Ich programmiere Java unter Ubuntu (Eclipse). Ich sucher ein Tool, mit dem ich aus Java Code UML-Diagramme generieren kann.
Ich hab mir mal Umbrello angeschaut, allerdings scheint es Java noch nicht zu unterstützen.

Kann mir da jemand was empfehlen?


----------



## kama (21. Feb 2010)

Hallo,

schon mal einen Blick auf argouml.tigris.org geworfen ? 

MfG
Karl Heinz Marbaise


----------



## MarcB (22. Feb 2010)

Ja ArgoUML ist gut.
Würde ich aber nicht fü größere Sachen verwenden.

Wenns auch ein bisschen was kosten darf würde ich Visual Paradigm for UML (Standard Edition) empfehlen. Haben wir hier und ist echt gut.

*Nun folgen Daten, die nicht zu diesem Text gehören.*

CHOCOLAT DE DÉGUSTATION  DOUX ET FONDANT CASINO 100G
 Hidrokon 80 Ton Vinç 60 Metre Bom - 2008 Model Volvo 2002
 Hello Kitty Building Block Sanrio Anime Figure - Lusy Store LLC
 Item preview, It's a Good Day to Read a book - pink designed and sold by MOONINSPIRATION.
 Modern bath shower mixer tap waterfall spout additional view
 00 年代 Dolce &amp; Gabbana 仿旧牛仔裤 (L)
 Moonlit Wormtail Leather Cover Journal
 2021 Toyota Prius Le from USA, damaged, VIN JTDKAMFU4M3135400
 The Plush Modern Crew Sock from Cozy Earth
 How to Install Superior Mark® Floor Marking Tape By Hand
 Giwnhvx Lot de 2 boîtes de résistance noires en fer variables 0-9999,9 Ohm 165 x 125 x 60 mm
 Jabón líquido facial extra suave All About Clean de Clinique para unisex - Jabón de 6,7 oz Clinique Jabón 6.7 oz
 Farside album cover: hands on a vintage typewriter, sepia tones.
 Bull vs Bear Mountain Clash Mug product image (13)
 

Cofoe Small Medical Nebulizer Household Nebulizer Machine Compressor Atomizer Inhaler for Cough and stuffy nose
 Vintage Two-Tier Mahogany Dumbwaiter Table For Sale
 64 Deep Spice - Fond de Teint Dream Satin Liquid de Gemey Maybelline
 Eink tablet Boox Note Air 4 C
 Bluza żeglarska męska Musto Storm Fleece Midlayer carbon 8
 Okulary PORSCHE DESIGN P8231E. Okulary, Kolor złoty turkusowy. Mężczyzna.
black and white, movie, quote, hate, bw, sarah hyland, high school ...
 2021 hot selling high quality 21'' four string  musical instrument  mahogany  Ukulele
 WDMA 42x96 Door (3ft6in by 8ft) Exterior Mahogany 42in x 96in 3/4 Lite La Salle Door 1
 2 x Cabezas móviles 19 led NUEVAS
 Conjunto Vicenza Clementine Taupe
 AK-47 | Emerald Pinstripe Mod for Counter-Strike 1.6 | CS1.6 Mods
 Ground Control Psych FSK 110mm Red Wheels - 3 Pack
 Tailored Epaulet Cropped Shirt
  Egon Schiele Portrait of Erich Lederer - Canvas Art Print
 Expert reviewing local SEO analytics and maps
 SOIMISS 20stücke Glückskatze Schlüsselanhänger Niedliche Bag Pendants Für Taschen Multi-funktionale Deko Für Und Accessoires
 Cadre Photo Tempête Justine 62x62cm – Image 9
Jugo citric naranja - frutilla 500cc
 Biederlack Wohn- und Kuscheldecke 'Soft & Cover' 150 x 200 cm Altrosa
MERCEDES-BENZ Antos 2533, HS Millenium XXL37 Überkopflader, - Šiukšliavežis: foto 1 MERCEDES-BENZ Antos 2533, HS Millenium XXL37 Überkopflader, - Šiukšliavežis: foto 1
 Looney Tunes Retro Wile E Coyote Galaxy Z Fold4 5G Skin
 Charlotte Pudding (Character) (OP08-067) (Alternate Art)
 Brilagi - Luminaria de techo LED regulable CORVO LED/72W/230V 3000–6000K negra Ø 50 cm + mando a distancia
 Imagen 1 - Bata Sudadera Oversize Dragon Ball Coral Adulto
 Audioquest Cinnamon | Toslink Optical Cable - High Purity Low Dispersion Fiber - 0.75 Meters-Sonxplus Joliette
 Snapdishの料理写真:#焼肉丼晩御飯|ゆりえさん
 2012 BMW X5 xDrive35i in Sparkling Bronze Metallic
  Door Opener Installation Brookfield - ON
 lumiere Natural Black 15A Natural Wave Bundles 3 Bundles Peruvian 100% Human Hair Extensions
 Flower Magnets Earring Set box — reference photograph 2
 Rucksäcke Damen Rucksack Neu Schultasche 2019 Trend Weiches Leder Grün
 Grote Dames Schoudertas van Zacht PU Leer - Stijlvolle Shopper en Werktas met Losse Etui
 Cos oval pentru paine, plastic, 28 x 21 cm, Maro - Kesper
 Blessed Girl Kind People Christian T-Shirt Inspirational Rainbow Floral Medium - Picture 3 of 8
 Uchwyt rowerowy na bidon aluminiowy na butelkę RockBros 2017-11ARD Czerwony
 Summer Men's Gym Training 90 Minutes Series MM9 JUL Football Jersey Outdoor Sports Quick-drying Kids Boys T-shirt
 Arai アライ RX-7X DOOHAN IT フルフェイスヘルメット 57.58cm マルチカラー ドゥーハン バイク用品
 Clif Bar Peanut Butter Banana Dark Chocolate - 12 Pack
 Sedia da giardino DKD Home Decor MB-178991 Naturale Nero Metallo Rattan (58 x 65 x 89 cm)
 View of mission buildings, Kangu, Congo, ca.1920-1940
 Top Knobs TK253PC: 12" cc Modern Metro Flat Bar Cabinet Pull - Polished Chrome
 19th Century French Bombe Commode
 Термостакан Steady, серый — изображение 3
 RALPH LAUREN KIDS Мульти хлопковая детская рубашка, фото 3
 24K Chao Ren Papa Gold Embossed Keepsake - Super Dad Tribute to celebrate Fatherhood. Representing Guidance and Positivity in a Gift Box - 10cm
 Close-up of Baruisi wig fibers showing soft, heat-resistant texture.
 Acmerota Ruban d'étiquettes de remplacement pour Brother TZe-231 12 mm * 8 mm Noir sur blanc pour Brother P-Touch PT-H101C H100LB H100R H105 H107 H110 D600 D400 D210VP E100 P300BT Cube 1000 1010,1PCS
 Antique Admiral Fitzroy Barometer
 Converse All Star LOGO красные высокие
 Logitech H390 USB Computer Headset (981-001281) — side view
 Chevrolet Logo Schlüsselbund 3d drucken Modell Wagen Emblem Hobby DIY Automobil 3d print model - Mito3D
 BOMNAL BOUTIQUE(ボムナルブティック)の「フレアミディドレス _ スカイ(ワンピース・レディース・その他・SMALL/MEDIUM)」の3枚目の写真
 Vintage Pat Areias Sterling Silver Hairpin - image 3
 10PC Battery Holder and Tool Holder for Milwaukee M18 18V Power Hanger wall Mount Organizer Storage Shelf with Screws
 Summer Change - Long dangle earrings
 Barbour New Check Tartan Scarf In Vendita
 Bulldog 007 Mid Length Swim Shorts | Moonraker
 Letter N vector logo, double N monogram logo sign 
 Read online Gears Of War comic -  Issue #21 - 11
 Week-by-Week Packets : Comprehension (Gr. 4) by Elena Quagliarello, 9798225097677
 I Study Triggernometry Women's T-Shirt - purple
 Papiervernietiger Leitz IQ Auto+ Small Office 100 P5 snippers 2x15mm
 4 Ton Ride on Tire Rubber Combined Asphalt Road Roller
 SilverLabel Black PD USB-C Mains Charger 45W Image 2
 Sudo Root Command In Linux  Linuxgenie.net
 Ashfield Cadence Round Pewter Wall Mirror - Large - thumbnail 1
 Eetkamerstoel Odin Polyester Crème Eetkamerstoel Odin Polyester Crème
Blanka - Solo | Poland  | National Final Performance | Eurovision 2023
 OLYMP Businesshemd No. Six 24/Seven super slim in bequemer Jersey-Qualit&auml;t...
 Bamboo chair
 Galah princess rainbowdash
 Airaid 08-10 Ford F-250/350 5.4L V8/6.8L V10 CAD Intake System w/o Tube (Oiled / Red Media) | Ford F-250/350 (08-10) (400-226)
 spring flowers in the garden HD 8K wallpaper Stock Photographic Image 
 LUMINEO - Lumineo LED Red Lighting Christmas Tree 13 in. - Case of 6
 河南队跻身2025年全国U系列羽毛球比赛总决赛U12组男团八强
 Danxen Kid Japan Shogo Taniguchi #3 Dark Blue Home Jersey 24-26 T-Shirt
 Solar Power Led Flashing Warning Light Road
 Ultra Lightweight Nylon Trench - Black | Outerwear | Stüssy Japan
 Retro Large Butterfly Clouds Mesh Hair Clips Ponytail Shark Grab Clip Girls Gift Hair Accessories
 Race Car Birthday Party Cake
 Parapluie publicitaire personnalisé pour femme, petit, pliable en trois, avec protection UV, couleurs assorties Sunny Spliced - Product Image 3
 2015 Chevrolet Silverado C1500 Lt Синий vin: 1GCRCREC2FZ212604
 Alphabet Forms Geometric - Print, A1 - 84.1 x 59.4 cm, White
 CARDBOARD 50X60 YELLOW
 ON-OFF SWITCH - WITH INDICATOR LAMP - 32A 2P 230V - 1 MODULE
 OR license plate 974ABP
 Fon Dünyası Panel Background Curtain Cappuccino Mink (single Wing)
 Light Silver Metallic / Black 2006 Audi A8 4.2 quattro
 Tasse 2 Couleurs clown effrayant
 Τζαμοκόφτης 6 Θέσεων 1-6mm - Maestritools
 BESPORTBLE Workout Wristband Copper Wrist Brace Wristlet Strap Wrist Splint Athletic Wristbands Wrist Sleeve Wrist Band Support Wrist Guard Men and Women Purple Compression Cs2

Es gibt (nach Registrierung) auch eine kostenlose Community Edition, aber die kann keinen Code generieren und kein Reverse Engineering.


----------



## Wildcard (22. Feb 2010)

Soyatec - Open Solution Company: XAML for Java, UML for Eclipse and BPMN designer


----------



## Momolin (23. Feb 2010)

Hallo,

ich bin mit Slime UML Home ganz zufrieden. Ist sicher sehr einfach, aber kostenlos und für eclipse ein plugin.

Grüße Momolin


----------